In der Durchführung stellt YARDED nicht weniger als einen Paradigmenwechsel dar. Durch die Umstellung des Prozesses wird jedem Soldaten der Umschlagkräfte mehr Verantwortung übertragen. Das stellte natürlich zunächst eine Umstellung dar. Aber bereits 2 Stunden nach Übungsbeginn konnte in der Marshalling Area dieselbe Arbeitsgeschwindigkeit erreicht werden, wie zuvor nach 2 Jahren Praxiserfahrung im Altsystem. Dabei wurden während der Übung auch Anpassungsbedarfe erkannt und sogar live im laufenden Übungsbetrieb in das System eingearbeitet. Nach einer ohnehin eingeplanten kurzen Pause, konnte dann mit dem neuen Update weitergearbeitet werden. Hier zeigte sich beispielhaft die enorme Entwicklungsgeschwindigkeit und Flexibilität der Anwendung.

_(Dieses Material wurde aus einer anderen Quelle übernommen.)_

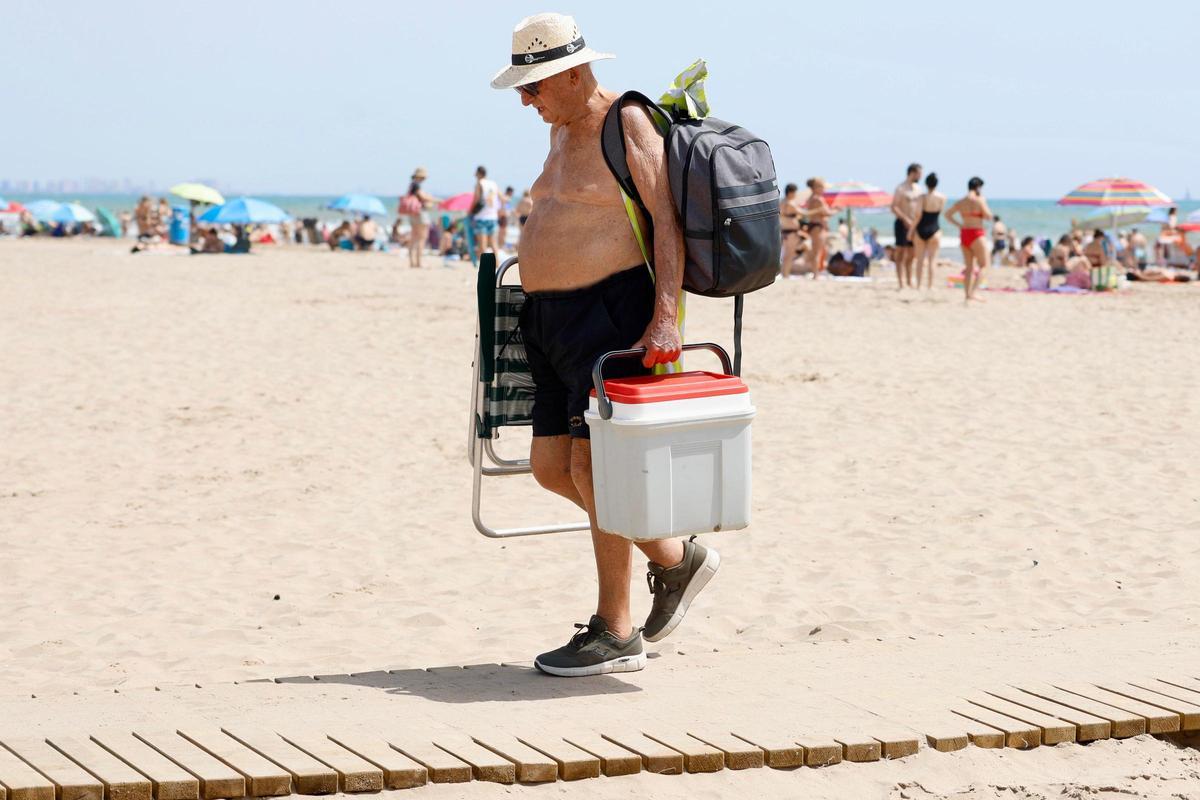 Las playas de València se llenan ante las altas temperaturas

Am Ende konnten auch die Bundeswehr-Intrapreneure zufrieden mit ihrem Feldtest sein: „Mit den bisherigen Testergebnissen sind wir derzeit sehr zufrieden“, erklärt Hauptmann Oskar H. im Namen des Projektteams. Die Daten zeigten einen deutlichen Vorteil von YARDED: „Unsere Planung ist schneller, präziser und durch die Standardisierung deutlich verständlicher und übersichtlicher in der Visualisierung. In der Durchführung herrscht nun endlich ein einheitliches Lagebild!“

  1. Vom erfolgreichen Test zur Einführung in die Truppe

Im Abschlussbericht werden alle relevanten Erkenntnisse des Innovationsvorhabens zusammengefasst und nachgehalten. Er bildet die Grundlage für eine Umsetzungsempfehlung durch das Zentrum für Digitalisierung der Bundeswehr als zentraler Bedarfsträger für die Streitkräfte im Teilportfolio Cyber/IT und damit die Überführung in den regulären Beschaffungsprozess.

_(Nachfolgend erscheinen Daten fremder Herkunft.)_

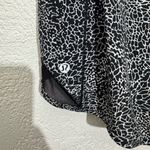 Lululemon  Hotty Hot Printed Black & White Shorts Size 6 Photo 2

Neben der bestehenden nationalen Erfolgsgeschichte konnte sich das Projektteam zusammen mit dem CIHBw im November 2023 in der finalen Runde der jüngsten NATO Innovation Challenge nicht nur behaupten, sondern belegte darüber hinaus den ersten Platz! Im Rahmen des Wettbewerbs war die NATO, unter dem Vorsitz des Supreme Allied Commander Transformation, auf der Suche nach zukunftsfähigen Lösungen für die militärische Transportplanung im transeuropäischen Verkehrsnetz. Unter dem Motto „Military Mobility“ hat sich das Innovationsvorhaben YARDED gegen 39 anderen Ideen von NATO-Staaten durchgesetzt. Die finale Runde des Wettbewerbs fand am Dienstag, den 14. November 2023, in der slowenischen Hauptstadt Ljubljana statt. Dort kämpften elf zuvor ausgewählte Ideen um den Sieg. Im Finale waren mit Estland, Frankreich, Deutschland, Kanada, Polen und den USA Bewerber aus insgesamt sechs NATO-Ländern vertreten.

Eine Weiterentwicklung des Projekts durch Institutionen der NATO erscheint im weiteren Verlauf mehr als vorstellbar.

Fazit

Die Geschichte von YARDED zeigt beispielhaft, dass Innovationen „aus der Truppe, mit der Truppe, für die Truppe“ allen Beteiligten viel Kreativität, Engagement und Durchhaltewillen abverlangt. Der Weg von der ersten Idee bis zum abgeschlossenen Innovationsvorhaben erfordert die Unterstützung aufstrebender Intrapreneure durch ihre Vorgesetzten. Die Vielzahl der zu durchlaufenden Etappen ist ohne Verständnis für den erforderlichen Arbeitsumfang und entstehende Kosten (Stichwort Dienstreisen) nur schwierig zu bewältigen. Doch diese Kraftanstrengung bedeutet gelebte Zeitenwende und leistet einen wertvollen Beitrag zur Transformation in Richtung einer bedrohungsangepassten Landes- und Bündnisverteidigung.

YARDED fügt sich in die bestehende LOGFAS Softwarefamilie ein und ergänzt diese um Funktionen zur taktischen Umsetzung operativer Pläne während der Phase RSOM. Es ermöglicht eine transparentere Kommunikation, kürzere Reaktionszeiten auf Lageänderungen und eine erhöhte logistische Leistungserbringung durch Optimierung der Fahrzeug- und Materialströme. Mit dem Innovationsvorhaben YARDED erhält die Bundeswehrlogistik die Chance einen neuen Standard in der NATO zu setzen und zum Vorreiter in der Weiterentwicklung bündnisgemeinsamer Logistikprozesse zu avancieren. Es gilt nun das aufgebaute Momentum aufrechtzuerhalten und die zügige Verstetigung voranzutreiben.